Did you catch Obama on "60" last weekend? Power Line's Paul Mirengoff{vbar} jumps on his wife:

"At the outset of the 1992 presidential campaign, Hillary Clinton introduced herself to the nation on '60 Minutes' with the false claim that her defense of her husband in the face of allegations of his womanizing was not a case of 'stand by your man.' Now, Barack Obama's wife apparently has introduced herself to the American people on the same show with the ludicrous claim that 'as a black man, Barack can get shot going to the gas station.'

"Hillary was lying; Mrs. Obama must just be a fool. The fact is that, but for his race, no one would even consider Barack Obama presidential material in 2008. So it does not behoove his wife to pretend that he is Martin Luther King and the U.S. is Memphis in 1968."

But here's why that is badly out of context. Michelle Obama was responding to the following question from Steve Kroft:

"This is a tough question to ask, but a number of years ago, Colin Powell was thinking about running for president, and his wife Alma really did not want him to run. She was worried about some crazy person with a gun. Is that something that you think about?"

"I don't lose sleep over it, because the realities are that, you know, as a black man, you know, Barack can get shot going to the gas station." So it wasn't like she was volunteering this out of the blue.

By the way, the transcript identifies her as Michelle Robinson. Is she not using Obama's name?

The Washington Post story that greatly upset the senator from Arizona--"McCain Taps Cash He Sought to Limit"--had a "misleading" headline, The Post now admits: "As was clear in the story, McCain is seeking contributions for his presidential campaign from donors who once contributed 'soft' money or who contributed to nonprofit political groups known as 527s, not from the groups themselves."

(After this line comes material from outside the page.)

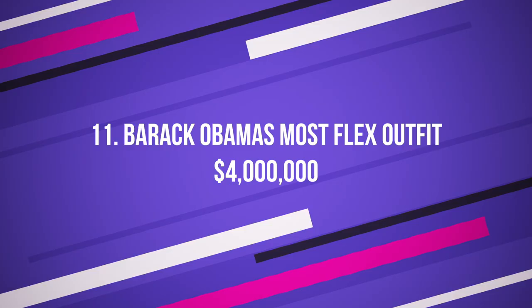Number 11: Barack Obama's Most Flex Outfit, $4 million US dollars. This outfit is the most flex outfit Barack Obama has ever worn. He is very proud to be such a flexor, as you can see in the picture of Barack Obama wearing his most flex outfit.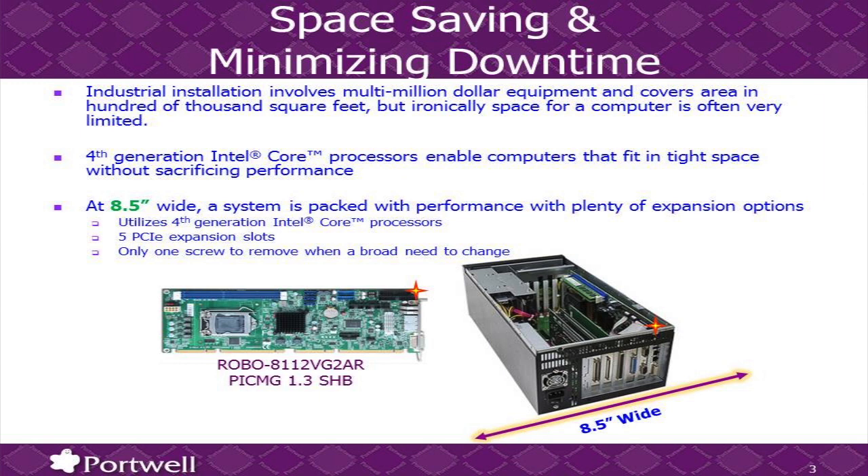Any kind of I/O, any kind of graphics, or communication — it's very flexible for you to pack everything in. And with the PICMG 1.3 design, any time you need to upgrade your system or bring it down for maintenance, you only need to remove one screw — that's all you need to do to replace the board.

What would Abraham Lincoln{vbar} think about the Iraq war? I generally hate questions like that, but Andrew Sullivan has found an interesting 1848 letter in which the future president responds to an argument for a preemptive strike against Mexico:

"Allow the President to invade a neighboring nation whenever he shall deem it necessary to repel an invasion, and you allow him to do so whenever he may choose to say he deems it necessary for such purpose, and you allow him to make war at pleasure. Study to see if you can fix any limit to his power in this respect, after having given him so much as you propose. If to-day he should choose to say he thinks it necessary to invade Canada to prevent the British from invading us, how could you stop him? You may say to him, -- 'I see no probability of the British invading us;' but he will say to you, 'Be silent: I see it, if you don't.''

Such an approach, wrote Abe, "places our President where kings have always stood."